Advertising campaign for Guinness beer

Swimblack (also written as Swim Black) is a 1998 advertisement for Guinness-brand draught stout which was broadcast in the United Kingdom. It is the first in the Good things come to those who wait advertising campaign created by Abbott Mead Vickers BBDO who had won the Guinness account from Ogilvy & Mather in January 1998. The centrepiece of the Swimblack campaign is a 60-second television and cinema commercial written by Tom Carty, art directed by Walter Campbell and directed by Jonathan Glazer, which depicted an aging local sports hero's annual swimming race from an offshore buoy to his brother's seafront pub against the "clock" of pint of Guinness being "correctly" poured at the bar. The brother declares that the hero will "never lose" as the punchline of the commercial shows the brother starting the clock a little later each year. The ad was shot in the remote Italian village of Monopoli and used local villagers for the crowd scenes. The aims of the campaign were to promote Guinness in general, to turn around the negative consumer opinion of the length of time required to correctly pour a pint of Guinness from the tap, usually quoted as 119.5 seconds, and to encourage bartenders to take the time to do so.
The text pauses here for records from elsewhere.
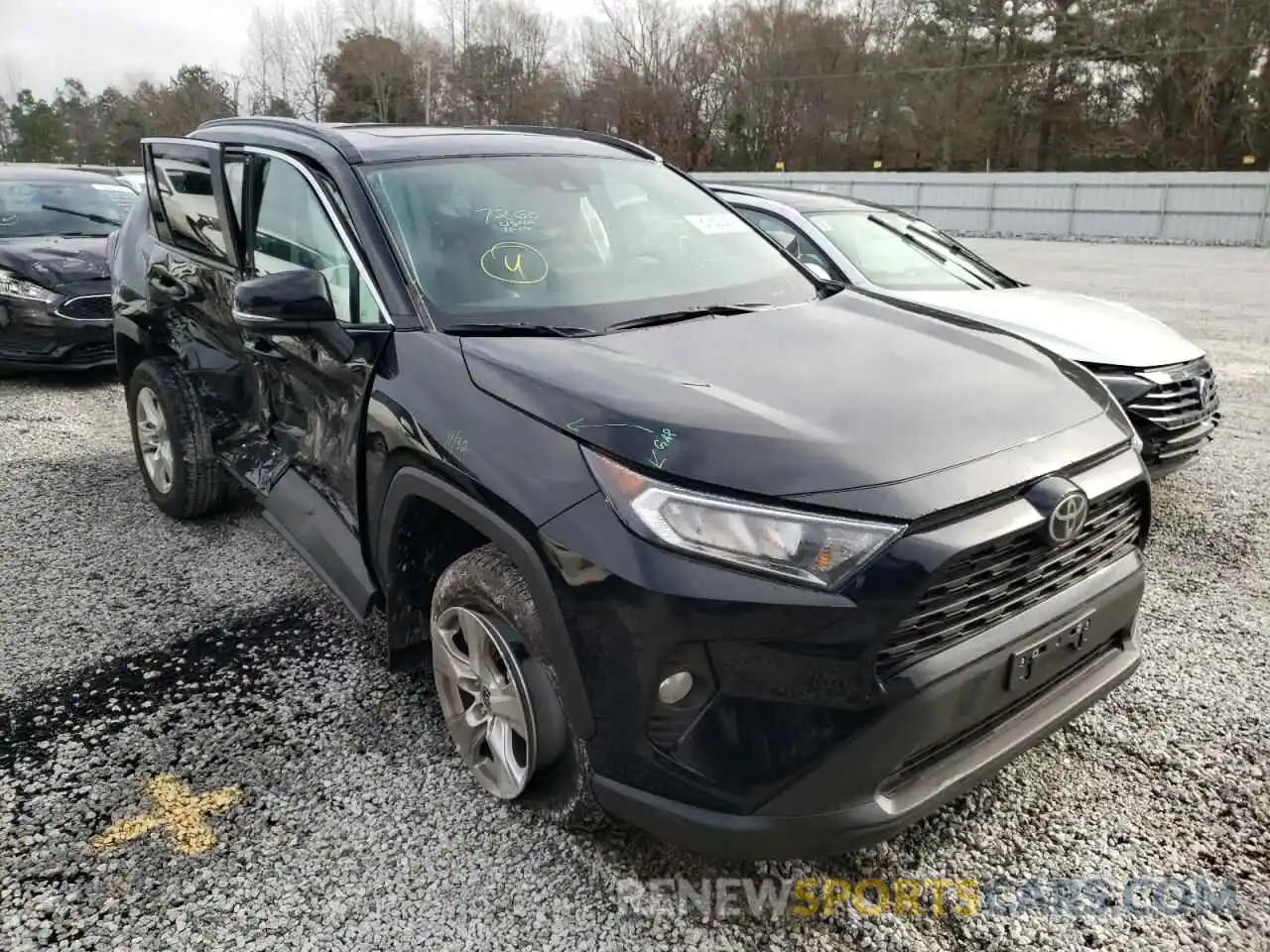 1 Photograph of a damaged car 2T3P1RFV2MC225073 TOYOTA RAV4 2021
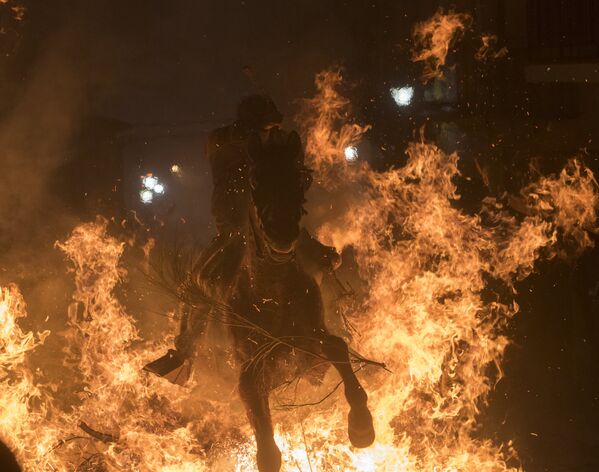 Las Luminarias o el festival de la purificación por el fuego en España - Sputnik Mundo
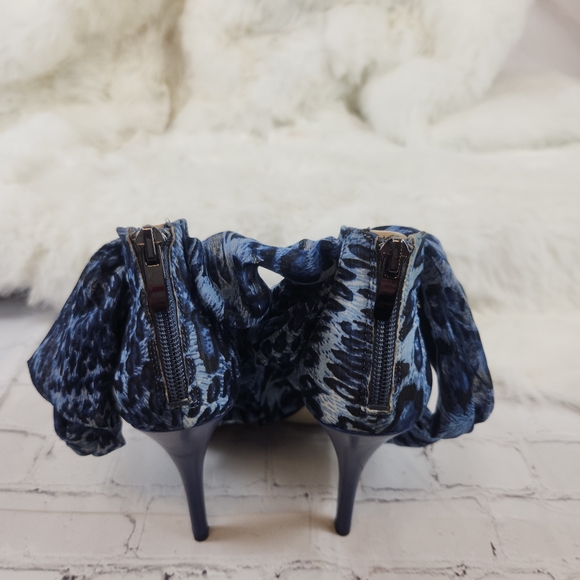 Enzo Angiolini Platform Stiletto  Fabric Tie Up Blue Multi Leopard Print Pumps - Picture 7 of 8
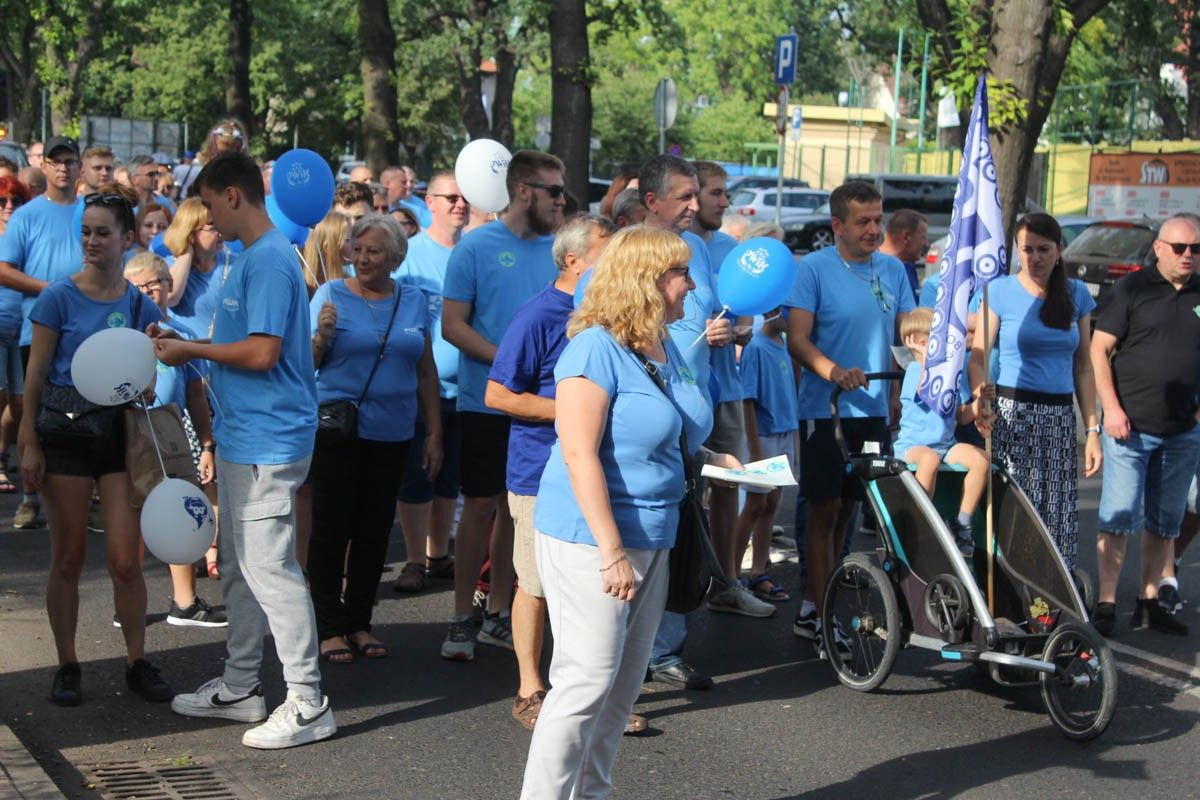 Zobacz paradę ceramiczną, która przeszła ulicami Bolesławca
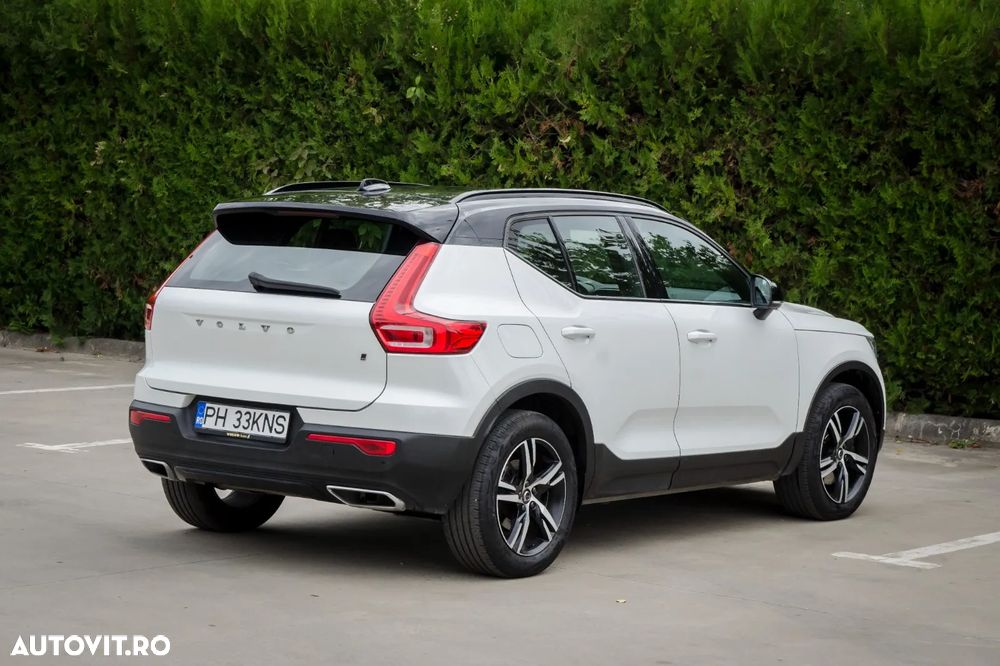 Volvo XC 40 D4 AWD Geartronic R-Design - 7
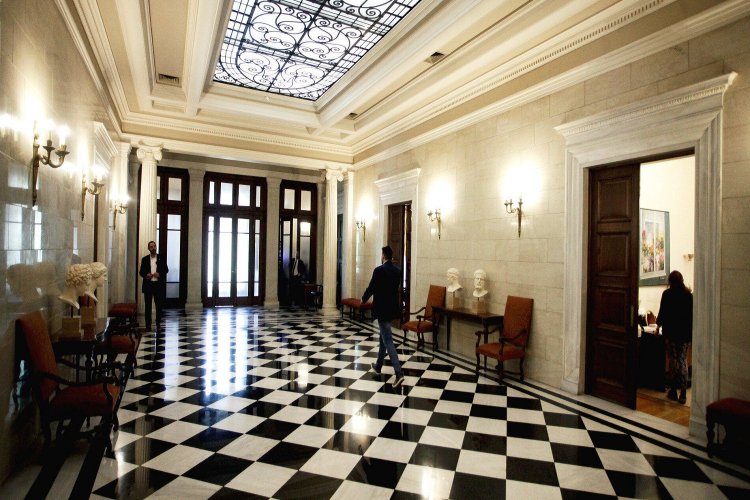 Political Turmoil in Maximou: Ένταση στο Μέγαρο Μαξίμου! Τι πυροδότησε τις «εκρήξεις» ένα σαββατιάτικο πρωινό…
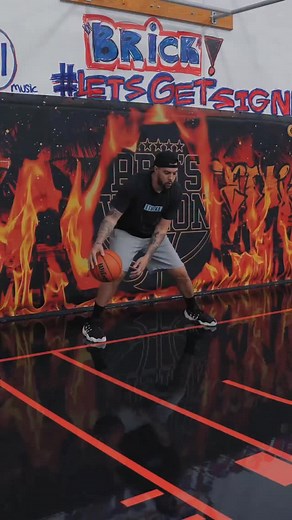 🚨Hoopers, Saturday handle🚨 4 ball handling drills to add to your warm up‼️15 mins a day will have your handle tight🧱 | Sean Marshall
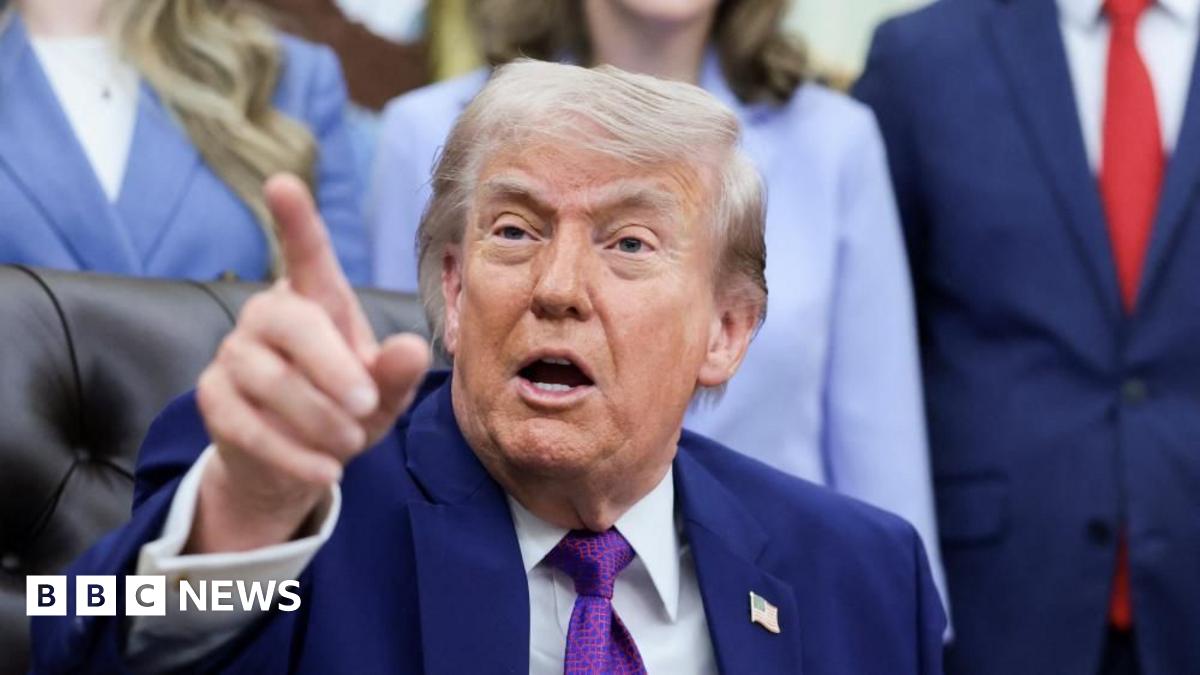 Trump says Iran ceasefire is on 'massive life support'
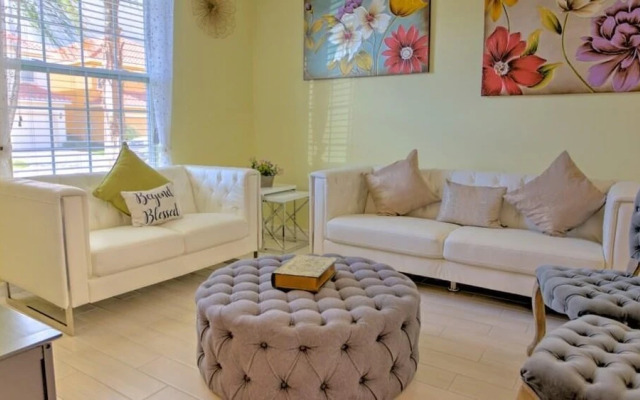 The Stirling Luxury Solterra Vacation Home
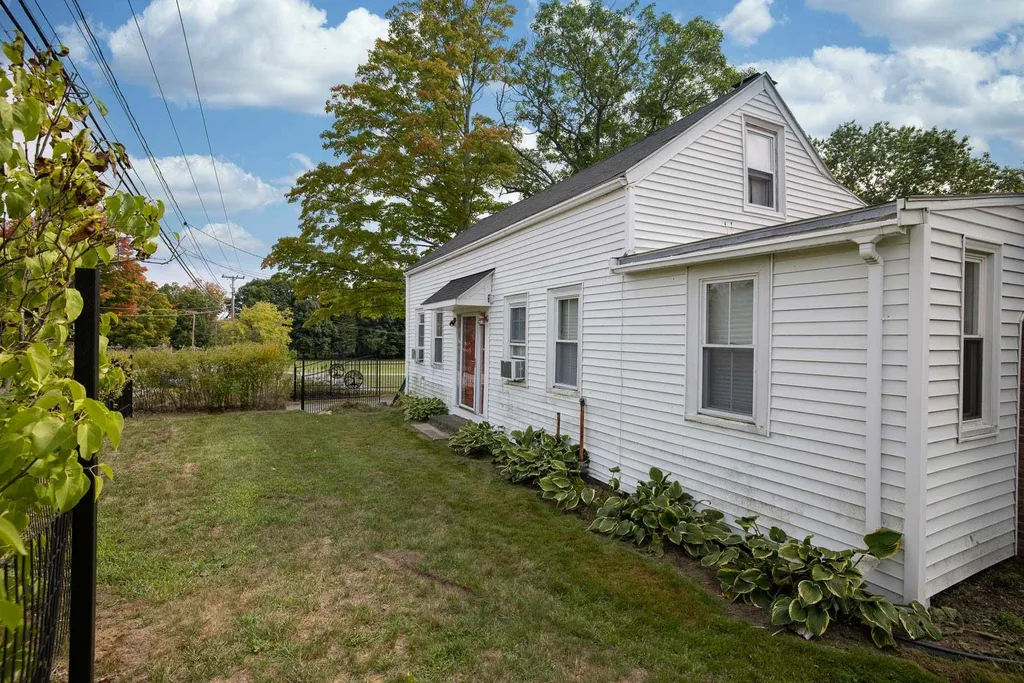 12 Exeter Road North Hampton NH 03862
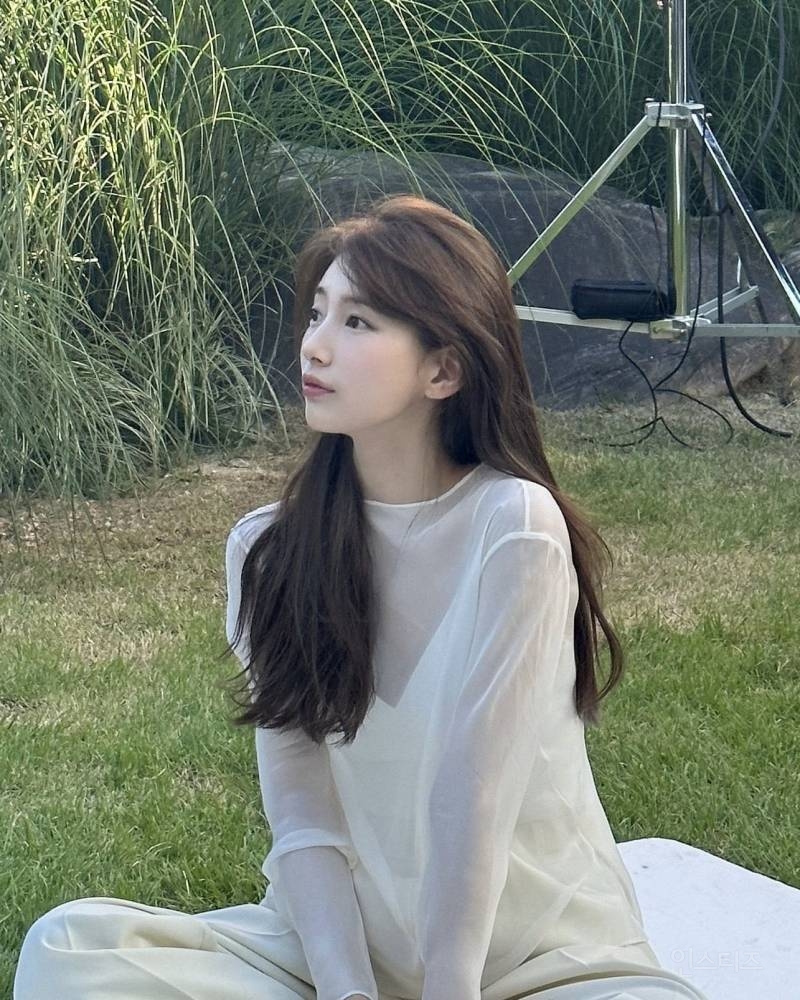 폰카로 찍은 수지 실물 | 인스티즈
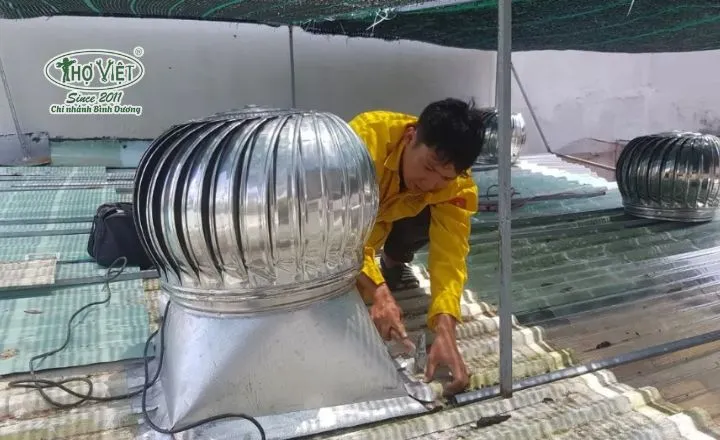 Lắp quả cầu thông gió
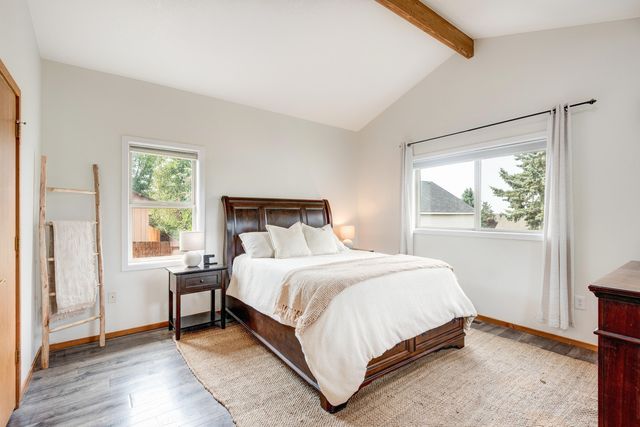 3773 SW Timber Avenue, Redmond, OR 97756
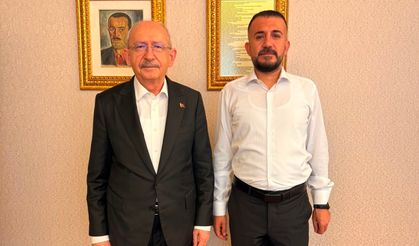 Aziz Savaş, Kemal Kılıçdaroğlu ile CHP Genel Merkezi'nde Bir Araya Geldi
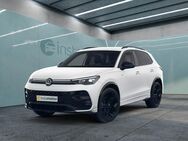 VW Tiguan, 1.5 TSI R-Line BLACK STYLE | |, Jahr 2024 - München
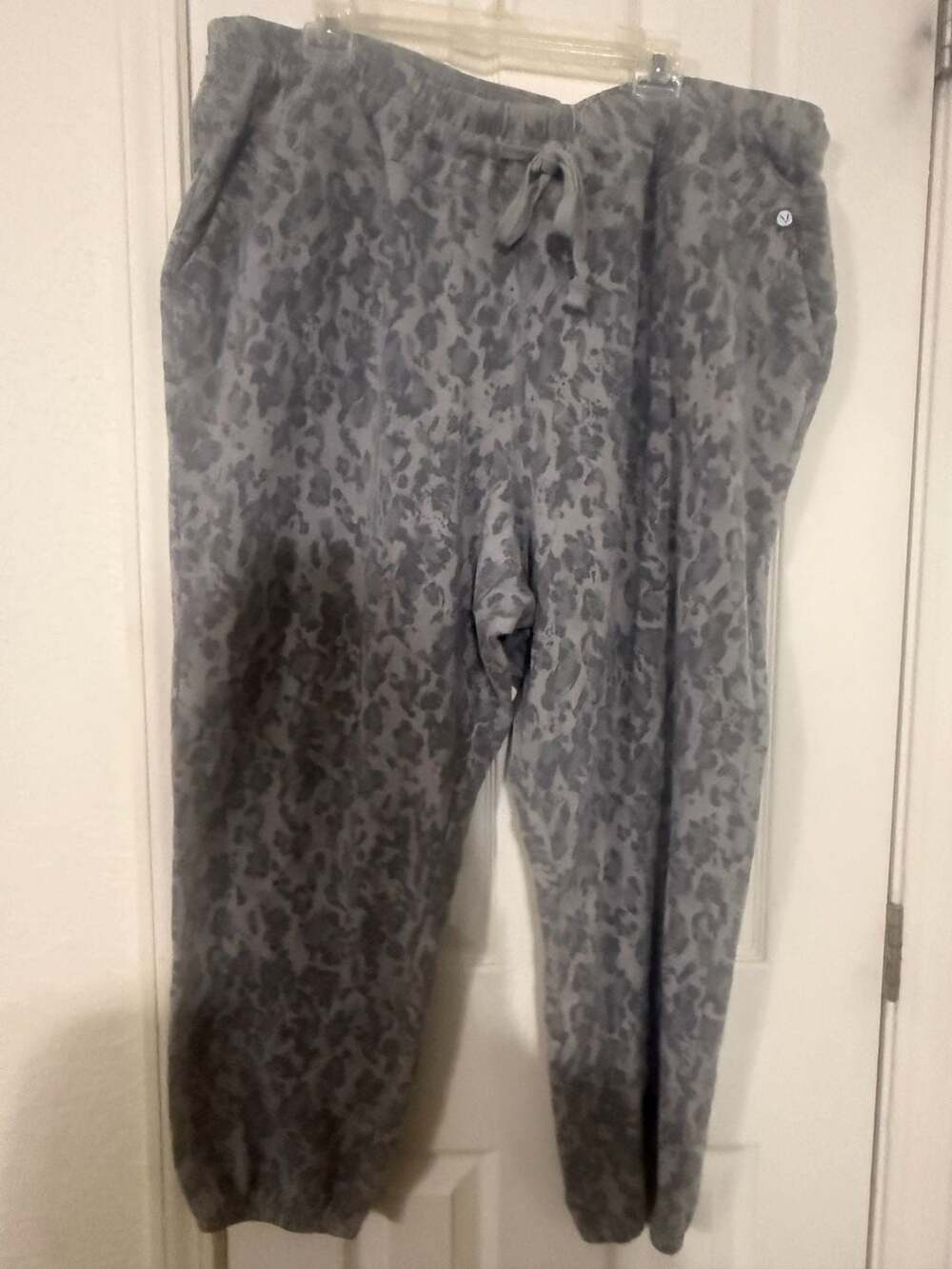 LIVI Active Lane Bryant Grey Leopard Print Drawstring Jogger Sweatpants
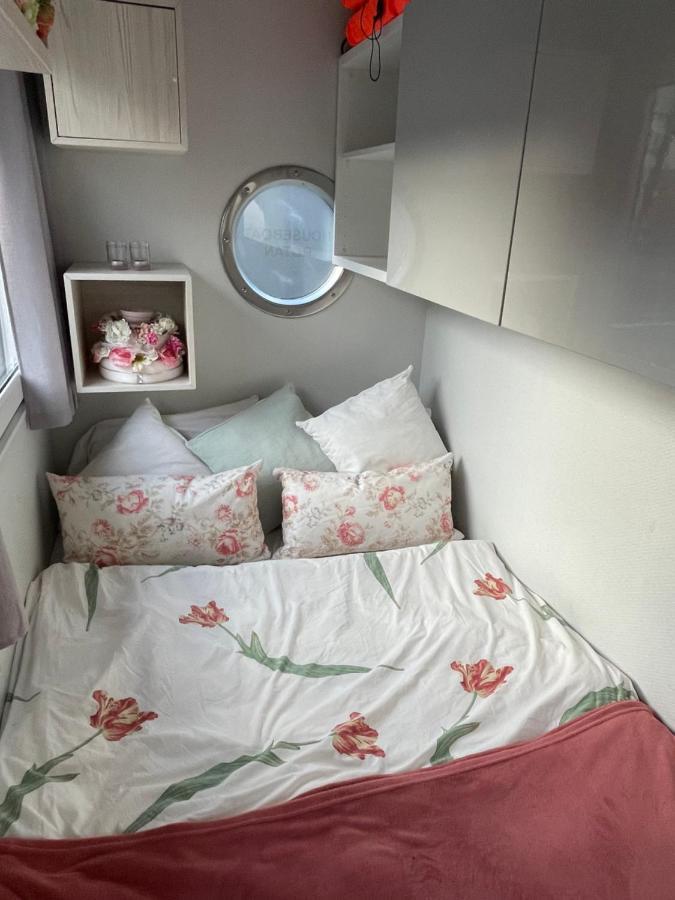 Slapen Op Het Water Apartment Zwartsluis Ngoại thất bức ảnh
Print and billboard spots for Swimblack each tied back to the central theme of the campaign, which was successful at boosting sales, particularly among the older male demographic. The television/cinema commercial proved fairly popular with critics within the advertising and television industries, netting a number of awards – including a Creative Circle Gold for Best Editing and a gold in the British Television Advertising Awards in the Alcoholic Beverages category. Following the success of Swimblack, permission was granted by Diageo, owners of the Guinness brand, to AMV BBDO to pursue the campaign further, and led to the creation of the 1999 piece, Surfer.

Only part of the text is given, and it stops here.